**WHAT IS EXPECTED**
Copy out exactly the lines from the one with "Generally, when you" through the last line of the listing below, both included, but none of the pictures.

**DATASET EXCERPT**
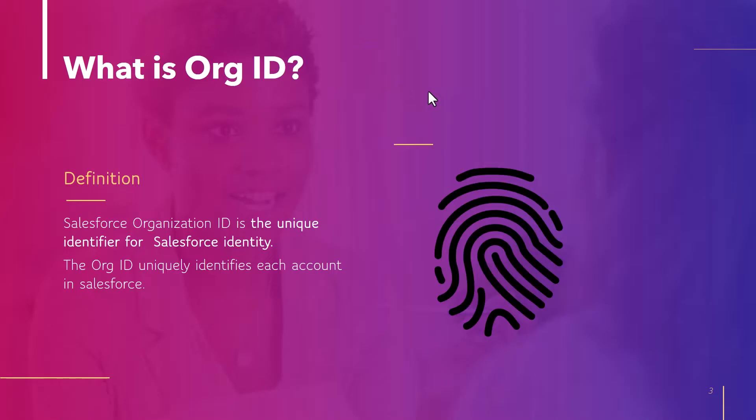So what is org ID? Org ID is an organization ID which is a unique identifier for Salesforce identity. It uniquely identifies each account in Salesforce.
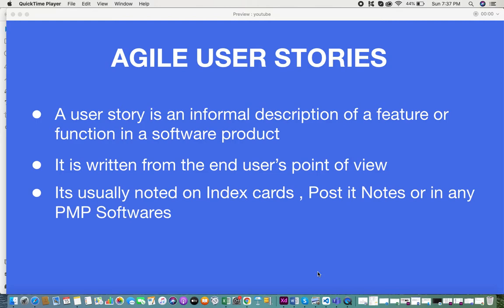Generally, when you receive a requirement, the first thing you do is jot it down on some notes, then maybe add it to an index card or a post-it note, and eventually add it into your PMP software. That's how requirements are gathered, noted, and then entered into your software. So that's a brief overview of user stories — now let's look into the format.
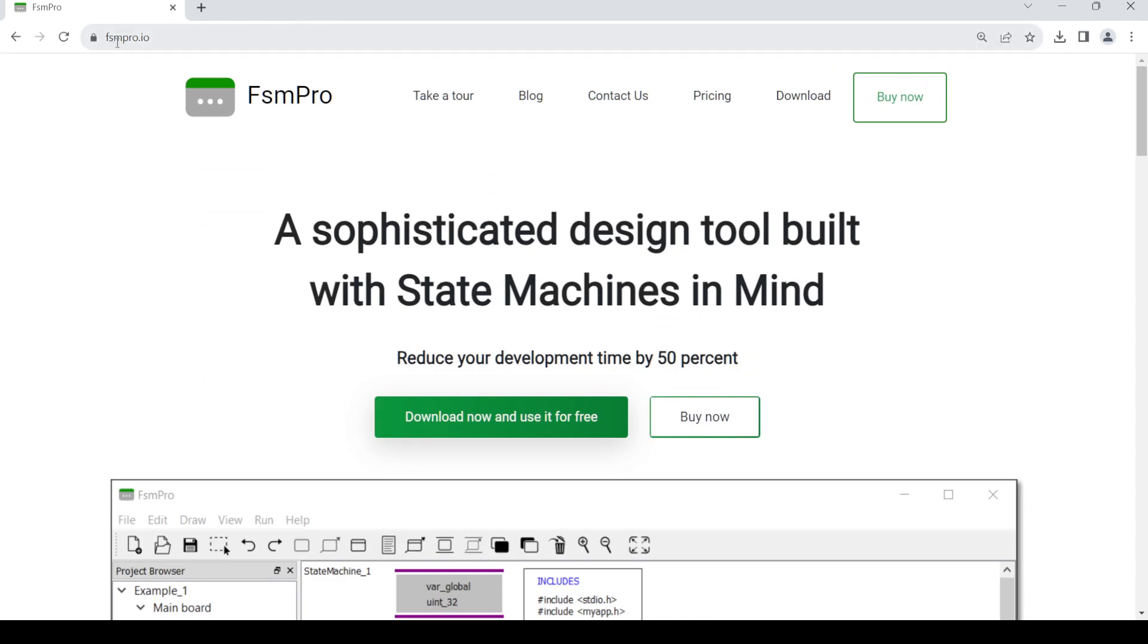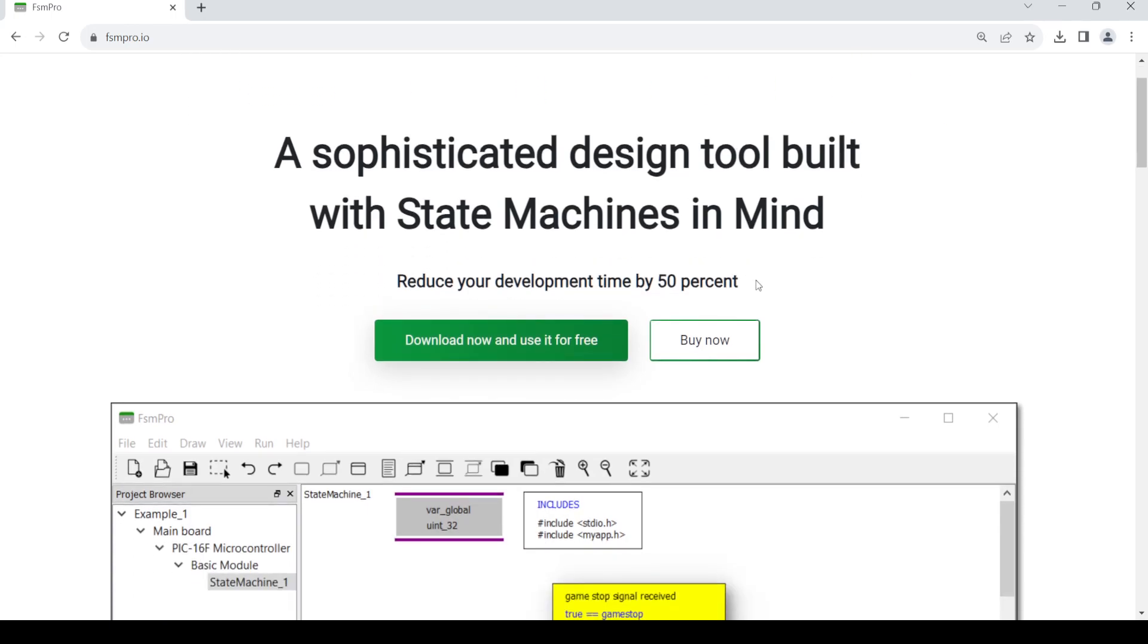Once you land on this page, just scroll down and click on 'Download now and use it for free' to get your trial version. Just click on it and press OK, and then the download should start.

**SOLUTION FOR THIS PROBLEM**
Generally, when you receive a requirement, the first thing you do is jot it down on some notes, then maybe add it to an index card or a post-it note, and eventually add it into your PMP software. That's how requirements are gathered, noted, and then entered into your software. So that's a brief overview of user stories — now let's look into the format.
Once you land on this page, just scroll down and click on 'Download now and use it for free' to get your trial version. Just click on it and press OK, and then the download should start.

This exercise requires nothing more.